Thanks in advance for your comments.
You raise two issues, so one at a time:
When this self-test vs gauntlet came up the last time, I decided to investigate carefully. A SPRT test is pretty simple, so I simply modified a version of my cluster testing (primarily the shell script that creates the match scripts) to do p vs p' testing (self test). I found this to be inconsistent when compared to a gauntlet. IE self-test would say "bad", gauntlet would say "good". Note that these were not major changes, just tweaks. The most recent change was about slowly turning null move "down" rather than just chopping it off. Longer games showed the change to be a +12 gain, while self-testing showed it to be break-even or slightly worse (so close way more than 30K games were needed to resolve an accurate score). Ditto for short vs longer time controls. Short was saying "break-even or slightly worse". But I decided to go for a much longer (5m+5s) game and there was the improvement.

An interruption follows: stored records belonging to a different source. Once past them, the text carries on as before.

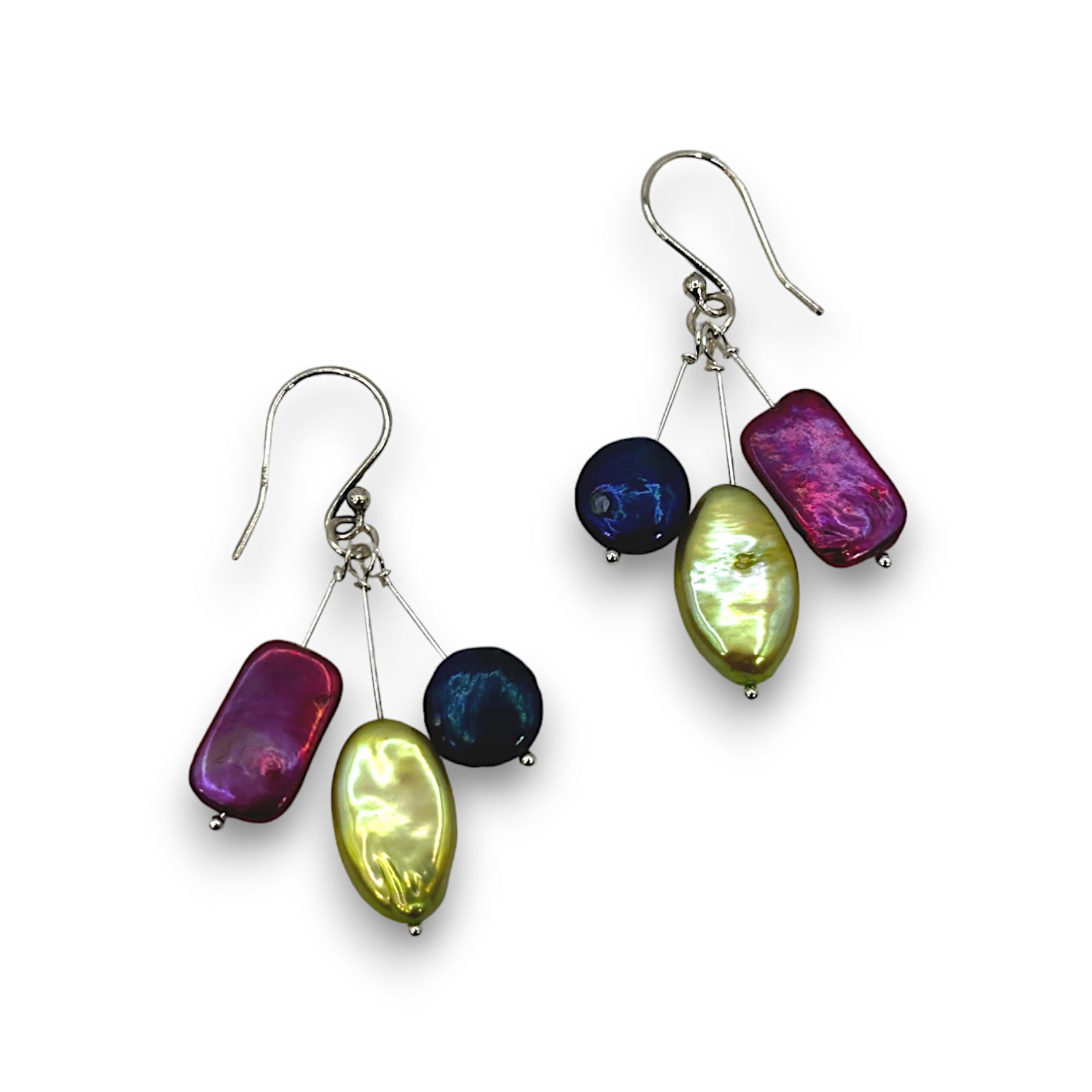 Geometric Pearl Drop Earrings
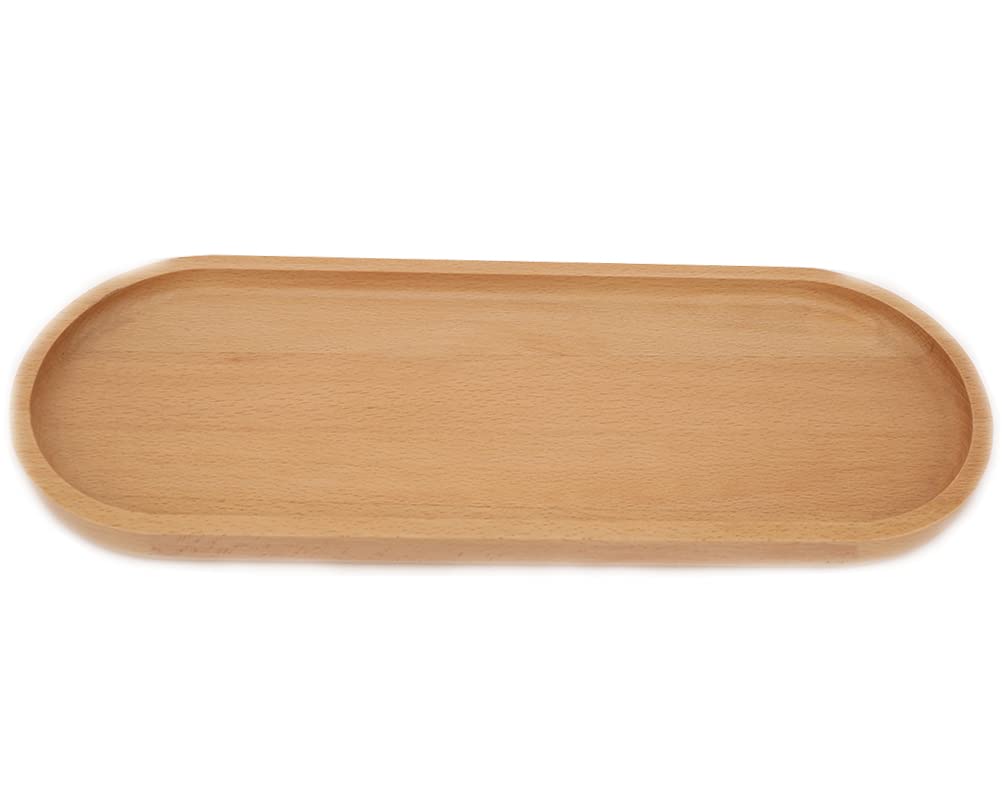 Fermus Wooden Tray 12.5 Inch Long Jewelry Dish Cosmetics Organizer Bathroom Clutter Wood Decorative Serving Platter Small Storage Tray, Oval (1 Pack)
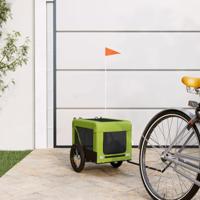 Hondenfietstrailer oxford stof en ijzer groen en zwart - thumbnail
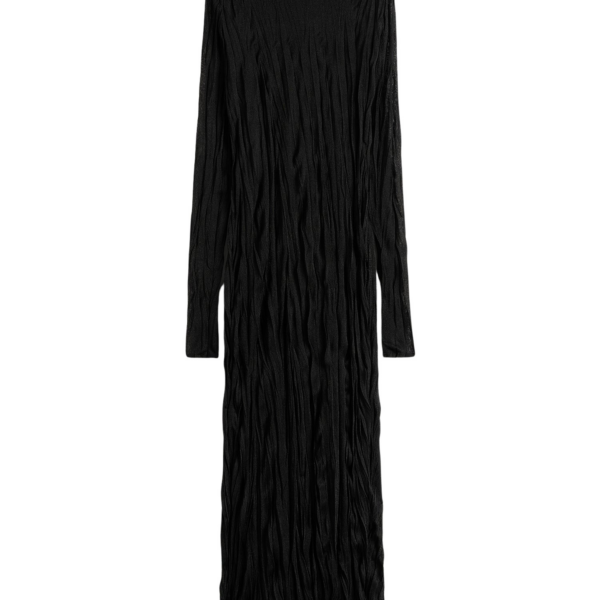 Totême Crinkled Knit Long-Sleeve Dress Black - Dresses - Scandinavian Minimalist Luxury at Coveti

I've had ok luck with self-testing when making significant changes. But when the changes are small, self-testing takes a lot more games to resolve good/bad compared to the gauntlet I normally use.
So it is an observation, but without a lot of rigor backing it up. I trust gauntlet testing, it has not led me astray so far. Self-testing has given false positives and many more false negatives, unless the change is a significant one.
As far as your last comment, nothing says that self-testing at short time controls won't lead to an overall stronger engine, the question is, will it lead to the BEST that engine can play? SPRT is one of those things that sounds reasonable, but any time you try to cheat the numbers game to play fewer games, there's a gotcha hidden inside.
There might be a better way to choose the starting positions, but if so I have not discovered what that might be. The number of positions has to be large when playing so many games. I've reduced the number of positions as new and reliable engines have hit the scene (i.e. scorpio, senpai, etc) since more opponents means fewer games per opponent. I've seen the arguments about do you want positions that are dead even for balance, do you want positions that are too unbalanced and therefore favor one side (assuming optimal play), or what? I continue to play with this. Currently I reject positions where a short (1 second or so) search says one side is winning, or when that search says the score is >= -.1 and <= +.1 (i.e. drawish). I may get interested enough to use 1 minute searches and just let it grind away on part of a cluster (maybe 50-60 games at a time) and use the same sort of culling scheme and do some tweaking. IE take the FEN, add a ce evaluation, and then try to see if that can be used to refine the test positions. Almost random works well enough, but I wonder if it can be improved on. Right now, existing opening position collections are WAY too small to be useful.
I've even thought about taking an ECO classification file and using those positions. At least it would provide broad coverage.
The idea of playing massive numbers of games works. Absolutely. But how far it is from "working optimally" is an unknown (at least for me).
The final thing I don't like about SPRT is that it is not easy to run multiple tests at the same time. SPRT just says "P' is better than P (or not, or indeterminate). So you have to run P vs P', pick the best, then run best vs P'', etc. with gauntlet testing that's not necessary. I can run as many different versions as I want at the same time, and let BayesElo sort 'em out and tell me which changes were good, and which were bad, and then combine the good for testing.